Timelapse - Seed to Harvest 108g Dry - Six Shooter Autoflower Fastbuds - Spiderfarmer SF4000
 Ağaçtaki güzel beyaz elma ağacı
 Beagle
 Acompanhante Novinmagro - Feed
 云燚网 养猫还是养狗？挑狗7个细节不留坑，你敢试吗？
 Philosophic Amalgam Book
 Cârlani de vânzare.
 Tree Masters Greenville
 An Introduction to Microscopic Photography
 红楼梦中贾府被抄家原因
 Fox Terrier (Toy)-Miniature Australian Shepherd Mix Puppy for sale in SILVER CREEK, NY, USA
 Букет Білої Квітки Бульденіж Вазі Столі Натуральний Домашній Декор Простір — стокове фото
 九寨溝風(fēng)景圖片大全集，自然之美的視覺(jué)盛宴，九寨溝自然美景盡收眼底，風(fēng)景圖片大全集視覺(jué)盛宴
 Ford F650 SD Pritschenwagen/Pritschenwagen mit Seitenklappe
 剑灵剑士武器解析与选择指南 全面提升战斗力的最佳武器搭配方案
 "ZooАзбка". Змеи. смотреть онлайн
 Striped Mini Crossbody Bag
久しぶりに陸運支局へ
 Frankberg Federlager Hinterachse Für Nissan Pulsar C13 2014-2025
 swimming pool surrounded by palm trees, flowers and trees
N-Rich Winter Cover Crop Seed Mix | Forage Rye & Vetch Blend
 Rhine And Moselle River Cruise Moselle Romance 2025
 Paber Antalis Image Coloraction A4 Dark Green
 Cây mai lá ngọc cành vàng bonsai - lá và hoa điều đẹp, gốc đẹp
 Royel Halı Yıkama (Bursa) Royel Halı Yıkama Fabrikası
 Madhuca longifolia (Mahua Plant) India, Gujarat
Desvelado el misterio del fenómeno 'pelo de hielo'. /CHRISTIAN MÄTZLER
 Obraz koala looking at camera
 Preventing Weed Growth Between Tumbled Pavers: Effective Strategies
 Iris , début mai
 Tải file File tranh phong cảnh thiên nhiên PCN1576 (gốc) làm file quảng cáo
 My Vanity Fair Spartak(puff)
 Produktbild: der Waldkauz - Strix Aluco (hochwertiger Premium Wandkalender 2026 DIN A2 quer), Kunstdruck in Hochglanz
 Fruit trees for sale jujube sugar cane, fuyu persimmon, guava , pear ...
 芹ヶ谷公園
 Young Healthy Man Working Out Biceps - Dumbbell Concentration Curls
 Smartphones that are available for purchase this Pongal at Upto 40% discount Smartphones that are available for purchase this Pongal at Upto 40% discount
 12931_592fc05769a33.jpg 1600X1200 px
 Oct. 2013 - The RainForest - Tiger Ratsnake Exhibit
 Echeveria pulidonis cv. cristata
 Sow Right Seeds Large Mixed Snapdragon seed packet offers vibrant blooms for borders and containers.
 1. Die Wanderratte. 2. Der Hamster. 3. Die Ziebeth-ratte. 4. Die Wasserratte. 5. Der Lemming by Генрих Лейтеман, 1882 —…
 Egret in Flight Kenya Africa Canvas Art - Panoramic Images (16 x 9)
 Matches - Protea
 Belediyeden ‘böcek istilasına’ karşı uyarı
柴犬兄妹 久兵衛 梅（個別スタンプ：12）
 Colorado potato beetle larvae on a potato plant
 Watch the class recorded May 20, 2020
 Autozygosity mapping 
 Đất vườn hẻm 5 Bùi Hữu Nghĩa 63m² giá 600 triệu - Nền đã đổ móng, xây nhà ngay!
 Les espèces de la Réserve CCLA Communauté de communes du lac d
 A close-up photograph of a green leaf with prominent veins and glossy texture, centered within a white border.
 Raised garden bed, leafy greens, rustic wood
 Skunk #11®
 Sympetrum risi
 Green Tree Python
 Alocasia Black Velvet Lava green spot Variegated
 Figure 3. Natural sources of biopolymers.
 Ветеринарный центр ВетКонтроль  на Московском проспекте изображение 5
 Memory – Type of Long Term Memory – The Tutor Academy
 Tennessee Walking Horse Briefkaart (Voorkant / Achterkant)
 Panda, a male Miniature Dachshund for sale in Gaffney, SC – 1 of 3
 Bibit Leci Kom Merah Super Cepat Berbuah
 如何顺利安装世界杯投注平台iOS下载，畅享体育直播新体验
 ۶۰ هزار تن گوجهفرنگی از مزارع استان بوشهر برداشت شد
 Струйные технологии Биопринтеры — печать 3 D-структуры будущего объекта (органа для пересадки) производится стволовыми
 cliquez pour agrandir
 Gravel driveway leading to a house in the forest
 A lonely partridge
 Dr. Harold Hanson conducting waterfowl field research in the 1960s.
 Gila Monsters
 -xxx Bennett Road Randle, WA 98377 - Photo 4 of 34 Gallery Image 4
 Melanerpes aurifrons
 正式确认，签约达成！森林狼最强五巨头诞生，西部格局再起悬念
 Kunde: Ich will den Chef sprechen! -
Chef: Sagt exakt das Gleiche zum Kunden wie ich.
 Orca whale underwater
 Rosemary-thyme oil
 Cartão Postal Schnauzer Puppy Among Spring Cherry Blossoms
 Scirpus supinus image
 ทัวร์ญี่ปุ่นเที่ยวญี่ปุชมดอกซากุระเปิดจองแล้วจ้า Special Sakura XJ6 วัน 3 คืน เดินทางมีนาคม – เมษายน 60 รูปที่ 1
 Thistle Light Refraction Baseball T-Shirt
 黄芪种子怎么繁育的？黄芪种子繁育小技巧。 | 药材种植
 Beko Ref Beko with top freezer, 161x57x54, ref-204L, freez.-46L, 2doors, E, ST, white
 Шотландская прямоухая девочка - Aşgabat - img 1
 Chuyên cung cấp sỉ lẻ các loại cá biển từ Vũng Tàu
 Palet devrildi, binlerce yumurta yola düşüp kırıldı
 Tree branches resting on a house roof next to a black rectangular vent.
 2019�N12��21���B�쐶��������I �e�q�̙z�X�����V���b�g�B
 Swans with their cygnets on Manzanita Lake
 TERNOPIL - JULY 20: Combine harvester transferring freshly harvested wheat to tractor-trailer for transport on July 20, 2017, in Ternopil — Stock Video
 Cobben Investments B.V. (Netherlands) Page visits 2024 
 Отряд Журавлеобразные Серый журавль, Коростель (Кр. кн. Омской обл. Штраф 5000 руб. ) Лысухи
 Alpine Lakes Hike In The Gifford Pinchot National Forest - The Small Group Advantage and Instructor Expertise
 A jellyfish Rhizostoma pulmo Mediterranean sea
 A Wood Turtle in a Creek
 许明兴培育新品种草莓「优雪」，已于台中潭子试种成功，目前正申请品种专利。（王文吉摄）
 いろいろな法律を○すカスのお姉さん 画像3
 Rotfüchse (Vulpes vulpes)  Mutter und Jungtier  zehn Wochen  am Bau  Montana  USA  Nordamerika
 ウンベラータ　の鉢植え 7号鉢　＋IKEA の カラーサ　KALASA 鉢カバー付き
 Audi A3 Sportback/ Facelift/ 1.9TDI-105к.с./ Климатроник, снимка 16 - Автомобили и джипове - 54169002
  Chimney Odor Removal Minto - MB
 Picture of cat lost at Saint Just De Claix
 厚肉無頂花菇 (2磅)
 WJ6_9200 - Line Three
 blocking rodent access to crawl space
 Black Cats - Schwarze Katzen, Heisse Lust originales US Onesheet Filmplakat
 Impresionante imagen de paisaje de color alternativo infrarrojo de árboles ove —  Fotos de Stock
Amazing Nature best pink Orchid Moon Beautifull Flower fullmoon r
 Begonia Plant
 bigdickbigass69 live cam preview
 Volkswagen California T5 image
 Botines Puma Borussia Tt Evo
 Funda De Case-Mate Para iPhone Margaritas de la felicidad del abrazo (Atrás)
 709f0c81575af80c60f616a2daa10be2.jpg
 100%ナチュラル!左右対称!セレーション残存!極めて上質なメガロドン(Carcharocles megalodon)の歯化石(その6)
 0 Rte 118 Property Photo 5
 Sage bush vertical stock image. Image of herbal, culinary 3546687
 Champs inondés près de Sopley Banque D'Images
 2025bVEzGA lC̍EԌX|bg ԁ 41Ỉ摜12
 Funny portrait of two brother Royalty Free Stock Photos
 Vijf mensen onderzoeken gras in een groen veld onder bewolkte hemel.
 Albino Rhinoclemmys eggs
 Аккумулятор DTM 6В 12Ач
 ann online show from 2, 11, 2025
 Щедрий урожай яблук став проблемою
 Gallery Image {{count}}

• YOUR OBJECTIVE
Your task is to copy each line of the material that contains the word "Miniature".

• TASK OUTPUT
 Fox Terrier (Toy)-Miniature Australian Shepherd Mix Puppy for sale in SILVER CREEK, NY, USA
 Panda, a male Miniature Dachshund for sale in Gaffney, SC – 1 of 3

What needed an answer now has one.